Constituiu a sua família com dignidade. Os percalços da vida sempre foram enfrentados quando amparado por uma religiosidade fiel. Sempre de mãos em punho para a luta e colocando sempre a sua inteligência à prova.

Dado à sua autoridade moral e ao seu comportamento lhano era também conselheiro. Muitos pediam o seu conselho, nos momentos de dúvida.

Infelizmente, as empresas do senhor Nicodemos Salviano não subsistiram após a sua morte depois de terem servido a nossa cidade, durante muitos anos.

Quem passar pela Rua Salatiel de Carvalho poderá ver o cenário do que restou, depois de uma longa história de muitos ideais. Trata-se da obra do tempo. O tempo, esse ácido que mata virtudes e ironiza destinos, que transforma a matéria, brinca com a imensidão e corrói a vida em troca da morte.

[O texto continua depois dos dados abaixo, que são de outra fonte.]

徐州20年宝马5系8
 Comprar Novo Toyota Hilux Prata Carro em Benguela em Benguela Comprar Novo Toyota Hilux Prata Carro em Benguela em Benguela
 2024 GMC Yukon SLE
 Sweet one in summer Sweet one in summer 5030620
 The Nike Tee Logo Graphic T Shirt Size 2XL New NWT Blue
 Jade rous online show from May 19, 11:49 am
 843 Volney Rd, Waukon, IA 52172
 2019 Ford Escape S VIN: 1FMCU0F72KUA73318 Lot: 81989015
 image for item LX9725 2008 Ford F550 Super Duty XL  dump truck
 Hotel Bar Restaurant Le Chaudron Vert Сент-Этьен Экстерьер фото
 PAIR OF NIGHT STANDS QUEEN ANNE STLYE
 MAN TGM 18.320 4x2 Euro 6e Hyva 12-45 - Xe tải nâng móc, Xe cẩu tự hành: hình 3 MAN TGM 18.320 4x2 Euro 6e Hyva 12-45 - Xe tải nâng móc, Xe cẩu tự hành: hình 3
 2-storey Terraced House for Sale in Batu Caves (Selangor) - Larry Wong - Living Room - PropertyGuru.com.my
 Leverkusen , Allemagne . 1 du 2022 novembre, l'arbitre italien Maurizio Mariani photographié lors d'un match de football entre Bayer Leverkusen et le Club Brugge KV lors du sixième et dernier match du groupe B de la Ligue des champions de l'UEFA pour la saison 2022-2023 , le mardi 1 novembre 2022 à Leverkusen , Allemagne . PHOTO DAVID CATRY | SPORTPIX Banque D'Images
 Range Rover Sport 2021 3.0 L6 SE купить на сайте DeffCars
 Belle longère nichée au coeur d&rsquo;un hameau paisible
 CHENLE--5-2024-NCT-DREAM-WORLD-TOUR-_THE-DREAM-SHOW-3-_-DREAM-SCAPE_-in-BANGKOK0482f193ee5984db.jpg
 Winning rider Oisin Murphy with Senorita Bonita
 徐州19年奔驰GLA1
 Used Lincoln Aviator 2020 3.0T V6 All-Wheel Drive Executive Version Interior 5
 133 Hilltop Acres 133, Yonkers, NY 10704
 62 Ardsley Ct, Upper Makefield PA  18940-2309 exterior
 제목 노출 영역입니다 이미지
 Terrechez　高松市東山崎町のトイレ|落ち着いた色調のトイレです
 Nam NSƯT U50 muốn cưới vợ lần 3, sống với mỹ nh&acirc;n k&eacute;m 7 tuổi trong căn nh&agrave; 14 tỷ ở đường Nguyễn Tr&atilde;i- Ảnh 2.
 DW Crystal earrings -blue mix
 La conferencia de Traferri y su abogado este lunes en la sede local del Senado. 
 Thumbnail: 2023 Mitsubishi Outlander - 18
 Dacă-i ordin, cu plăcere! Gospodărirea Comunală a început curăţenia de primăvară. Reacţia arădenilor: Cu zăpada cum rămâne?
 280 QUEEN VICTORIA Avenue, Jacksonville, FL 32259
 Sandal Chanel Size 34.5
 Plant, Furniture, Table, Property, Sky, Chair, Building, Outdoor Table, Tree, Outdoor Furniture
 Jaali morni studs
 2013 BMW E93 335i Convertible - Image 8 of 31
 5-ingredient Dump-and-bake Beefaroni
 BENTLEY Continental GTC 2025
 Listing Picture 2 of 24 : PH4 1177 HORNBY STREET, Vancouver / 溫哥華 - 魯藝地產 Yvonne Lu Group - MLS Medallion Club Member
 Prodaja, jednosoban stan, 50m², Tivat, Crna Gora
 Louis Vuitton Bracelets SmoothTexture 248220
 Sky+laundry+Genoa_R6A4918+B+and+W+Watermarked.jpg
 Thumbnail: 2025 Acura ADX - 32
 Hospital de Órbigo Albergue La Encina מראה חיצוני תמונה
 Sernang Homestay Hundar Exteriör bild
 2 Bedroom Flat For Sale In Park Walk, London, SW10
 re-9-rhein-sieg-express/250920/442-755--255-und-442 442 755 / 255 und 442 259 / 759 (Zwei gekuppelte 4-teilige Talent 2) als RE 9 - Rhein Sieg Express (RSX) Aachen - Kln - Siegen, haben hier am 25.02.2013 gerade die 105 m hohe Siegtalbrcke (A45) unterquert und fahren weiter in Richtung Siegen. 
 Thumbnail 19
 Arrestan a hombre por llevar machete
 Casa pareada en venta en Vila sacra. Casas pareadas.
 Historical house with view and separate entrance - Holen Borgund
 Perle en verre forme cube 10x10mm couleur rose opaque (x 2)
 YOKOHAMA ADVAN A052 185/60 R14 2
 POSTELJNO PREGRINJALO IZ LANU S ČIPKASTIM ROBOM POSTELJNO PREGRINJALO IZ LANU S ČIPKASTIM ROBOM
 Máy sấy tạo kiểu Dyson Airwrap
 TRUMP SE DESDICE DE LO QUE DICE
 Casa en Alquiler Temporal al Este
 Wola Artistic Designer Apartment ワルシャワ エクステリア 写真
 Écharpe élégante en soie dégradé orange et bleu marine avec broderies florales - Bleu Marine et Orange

Os escombros do velho galpão onde funcionava a máquina de beneficiar arroz e a marcenaria. Ali se fabricava de tudo, inclusive urnas funerárias, aquelas de modelos antigos, envolvidas num tecido roxo. Antônio, o filho do Nicodemos, estava sempre ali produzindo aqueles caixões mortuários, quando falecia alguém.

Do lado de fora, está o engenho de serra carcomido pela ação do tempo, parado e ainda contendo a serra fita, como se estivesse esperando alguma tora para serrar.
Ao lado, está o barracão destinado à fábrica de bancos e ladrilhos dando frente para o pátio de secagem dos produtos e outras atividades.

Num canto contíguo, está o galpão da torrefação do Café Ene Esse. Uma das primeiras marcas de café torrado e empacotado da nossa região. Muitas pessoas viram, pela primeira vez, esse tipo de produto através do “Café Ene Esse”, popularmente, tratado de “Café do Sô Nico”.

Um cenário triste para quem se lembra da movimentação existente naquele local, hoje com o silêncio das máquinas e o cessar dos martelos.
Naquela área restrita, havia lugar para tudo e se não tivesse, ou se inventava ou se arranjava.

A família, como base fundamental da sociedade, faz nascer de si valores que dão guia à vida das pessoas. Portanto, é dela que nasce o líder que se coloca disposto, não só pela necessidade de pertencer a ela, mas para servi-la. E é assim que consigo ver você, Nicodemos Salviano. A singularidade do seu modo de vida e a contribuição que você deu à história de Candeias, o faz ilustre. Portanto, hoje, lembramos você e escrevemos aqui para que as pessoas que não lhe conheceu possam saber quem foi você. Um nome digno de respeito e que escreveu um maravilhoso capítulo da história de Candeias.

Obrigado, Nicodemos Salviano! Muito Obrigado!